# Best ways to encourage amazon sword growth?



## darsunt (Feb 12, 2012)

A while back I had some amazon sword plants in a 20 gal tank, I remember the only thing that really boosted their growth was soluble iron.
Is there anything else that can do this? Also can soluble iron harm the fish? And should I keep check on how much soluble iron is in the water?
My water is hard ph in southern california.


----------



## Summer (Oct 3, 2011)

Swords are slow growing plants to begin with, but you can give it a root tab to help it along.


----------



## jrman83 (Jul 9, 2010)

Adequate lighting is about all it needs but a root tab will help since they are very root heavy. Just need to make sure you have the right lighting for plant growth.


----------



## beaslbob (May 29, 2009)

Yes you can increase iron in any tank FW or marine.
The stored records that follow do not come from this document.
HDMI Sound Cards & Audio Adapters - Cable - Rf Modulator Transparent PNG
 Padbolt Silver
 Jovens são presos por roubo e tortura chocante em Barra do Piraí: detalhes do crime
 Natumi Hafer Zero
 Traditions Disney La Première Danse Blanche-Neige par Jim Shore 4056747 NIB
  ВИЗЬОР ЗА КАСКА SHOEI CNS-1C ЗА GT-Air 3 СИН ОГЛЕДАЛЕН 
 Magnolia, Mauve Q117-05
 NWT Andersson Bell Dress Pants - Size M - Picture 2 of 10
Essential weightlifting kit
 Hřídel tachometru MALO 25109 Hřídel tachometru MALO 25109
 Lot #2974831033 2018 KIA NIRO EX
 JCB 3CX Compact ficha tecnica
and it is entirely possible the plants (and marine macro algaes) to become iron starved.

And yes it is entirely possibe the iron to be too high for fish and most definately for marine corals.

And yes it is possible to safely dose iron cheaply.

What I do is get some ferris gulconate pills from the local drug store. (4-5 bucks for a bottle of pills). Then dissolve one pill in an old sodeabottle full of water (12oz-20oz). Then add 1/2 capfull to the tank each week.

The level is low enough to be safe for marine corals yet still provide iron to favor macro algaes (marine) and plants (Freshwater) over micro algae and cyano.


my .02


----------



## jrman83 (Jul 9, 2010)

Amazons do not need iron to grow. Don't go out of your way to get iron in your tank. They will grow anywhere just about.


----------